Records:
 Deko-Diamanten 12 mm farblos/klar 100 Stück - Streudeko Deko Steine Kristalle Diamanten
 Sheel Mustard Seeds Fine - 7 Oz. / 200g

...

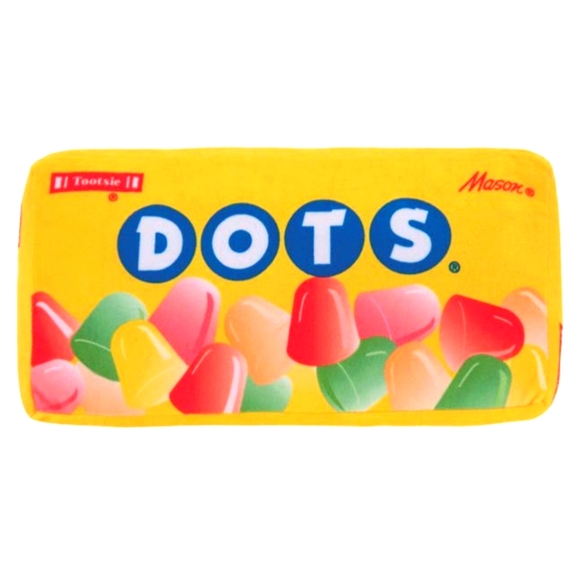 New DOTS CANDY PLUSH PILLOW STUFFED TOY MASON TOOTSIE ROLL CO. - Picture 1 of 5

...

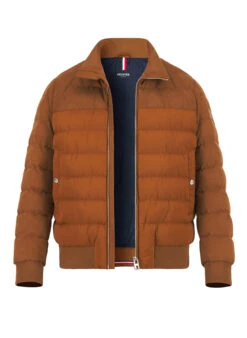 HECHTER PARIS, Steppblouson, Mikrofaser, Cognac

Exercise aim:
Please reproduce exactly the lines in the listing above from the one containing "Deko-Diamanten 12 mm" through the one containing "Sheel Mustard Seeds Fine - 7 Oz. / 200g", both included, and nothing more.

Answer area:
 Deko-Diamanten 12 mm farblos/klar 100 Stück - Streudeko Deko Steine Kristalle Diamanten
 Sheel Mustard Seeds Fine - 7 Oz. / 200g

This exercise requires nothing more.